Perubahan rambut sering dijumpai, baik mengenai bangunnya (texture), maupun warnanya. Sangat khas untuk penderita kwashiorkor ialah rambut kepala yang mudah tercabut tanpa rasa sakit. Pada penderita kwashiorkor lanjut, rambut akan tampak kusam, halus, kering, jarang dan berubah warna menjadi putih. Sering bulu mata menjadi panjang.

1. Kelainan Kulit


Kulit penderita biasanya kering dengan menunjukkan garis-garis kulit yang lebih mendalam dan lebar. Sering ditemukan hiperpigmentasi dan persisikan kulit. Pada sebagian besar penderita dtemukan perubahan kulit yang khas untuk penyakit kwashiorkor, yaitu crazy pavement dermatosis yang merupakan bercak-bercak putih atau merah muda dengan tepi hitam ditemukan pada bagian tubuh yang sering mendapat tekanan (4,5). Terutama bila tekanan itu terus-menerus dan disertai kelembapan oleh keringat atau ekskreta, seperti pada bokong, fosa politea, lutut, buku kaki, paha, lipat paha, dan sebagainya. Perubahan kulit demikian dimulai dengan bercak-bercak kecil merah yang dalam waktu singkat bertambah dan berpadu untuk menjadi hitam. Pada suatu saat mengelupas dan memperlihatkan bagian-bagian yang tidak mengandung pigmen, dibatasi oleh tepi yang masih hitam oleh hiperpigmentasi (1,2).

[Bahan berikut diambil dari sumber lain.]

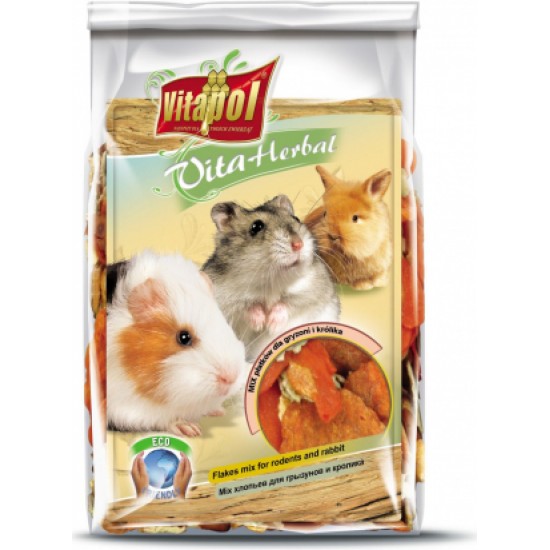 Vitapol VITA HERBAL papildbarība pārslu maisījums grauzējiem un trušiem 150g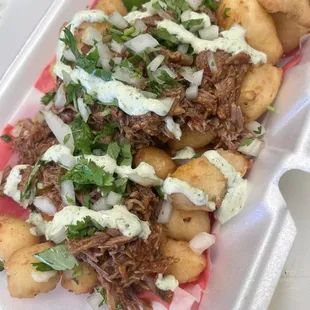 birria cheese curds special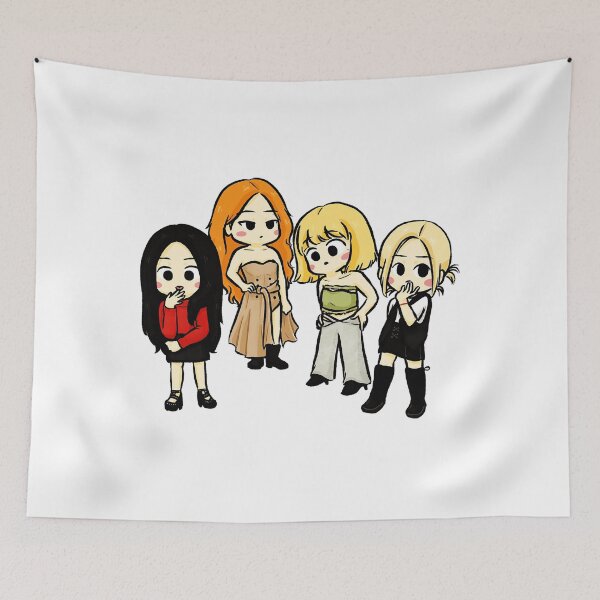 Item preview, Blackpink Cute Anime  designed and sold by Minecraft248.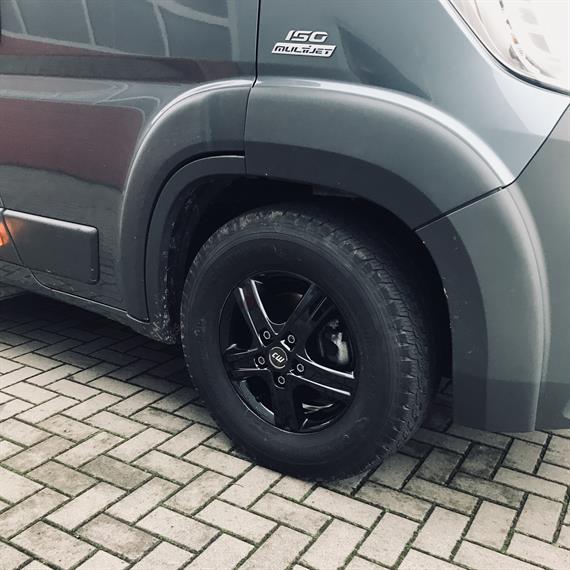 Alufelgen von Borbet in 16 Zoll und schwarz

1. Kelainan Gigi dan Tulang


Pada tulang penderita kwashiorkor didapatkan dekalsifikasi, osteoporosis, dan hambatan pertumbuhan. Sering juga ditemukan caries pada gigi penderita.

1. Kelainan Hati


Pada biopsi hati ditemukan perlemakan, bisa juga ditemukan biopsi hati yang hampir semua sela hati mengandung vakuol lemak besar. Sering juga ditemukan tanda fibrosis, nekrosis, da infiltrasi sel mononukleus. Perlemakan hati terjadi akibat defisiensi faktor lipotropik (2).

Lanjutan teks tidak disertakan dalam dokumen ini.